Les environs de la maloca sont désherbés, de manière à protéger le site des animaux, des esprits et d'éventuels ennemis, mais aussi des branches et arbres qui pourraient tomber.

Structure de l'habitation[modifier | modifier le code]

La maloca est seulement composée de matériaux biodégradables, principalement du bois. Il s'agit d'un grand espace très haut, soutenu par quatre piliers et la seule entrée est une porte orientée vers le côté du lever du soleil. La maloca est souvent en forme de cercle et construite sur une terre ayant été battue par la famille qui vit à l'intérieur. C'est un bâtiment multi-générationnel où se déroule toute la vie de la famille. La maloca sert parfois de cadran solaire négatif. [1] Ses différentes parties sont aussi des références essentielles dans certaines incantations chamaniques[1].
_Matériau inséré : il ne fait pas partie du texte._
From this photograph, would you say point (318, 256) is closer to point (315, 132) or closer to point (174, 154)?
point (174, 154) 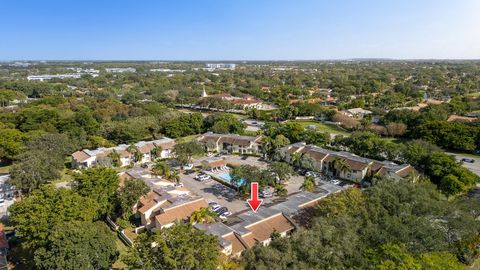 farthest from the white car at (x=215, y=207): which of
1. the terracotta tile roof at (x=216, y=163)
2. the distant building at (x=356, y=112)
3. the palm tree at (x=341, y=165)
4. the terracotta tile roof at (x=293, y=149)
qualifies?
the distant building at (x=356, y=112)

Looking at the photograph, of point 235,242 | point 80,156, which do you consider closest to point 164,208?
point 235,242

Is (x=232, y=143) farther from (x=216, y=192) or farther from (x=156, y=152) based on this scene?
(x=216, y=192)

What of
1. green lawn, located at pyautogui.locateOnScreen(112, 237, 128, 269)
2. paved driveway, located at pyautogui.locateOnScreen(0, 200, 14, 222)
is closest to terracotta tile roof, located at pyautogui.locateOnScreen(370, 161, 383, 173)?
green lawn, located at pyautogui.locateOnScreen(112, 237, 128, 269)

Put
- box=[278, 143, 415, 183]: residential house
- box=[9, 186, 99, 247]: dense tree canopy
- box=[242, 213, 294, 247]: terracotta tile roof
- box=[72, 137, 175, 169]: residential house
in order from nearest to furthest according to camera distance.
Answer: box=[9, 186, 99, 247]: dense tree canopy, box=[242, 213, 294, 247]: terracotta tile roof, box=[278, 143, 415, 183]: residential house, box=[72, 137, 175, 169]: residential house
Organisation de la vie[modifier | modifier le code]

Les habitants des malocas sont très tournés vers la nature. Ils se sentent eux-mêmes acteurs de la nature et ne veulent pas se placer au-dessus des autres êtres vivants. La maloca représente leur lien avec la nature et est considérée comme sacrée par tous ses habitants.

Les quatre piliers qui soutiennent la maloca délimitent l'endroit où seront enterrés les membres de la famille.

Ces tribus amazoniennes étant nomades, lorsqu'elles décident de se déplacer, elles détruisent la maloca. Ainsi, ils ne souillent pas la nature par leur implantation sur un territoire.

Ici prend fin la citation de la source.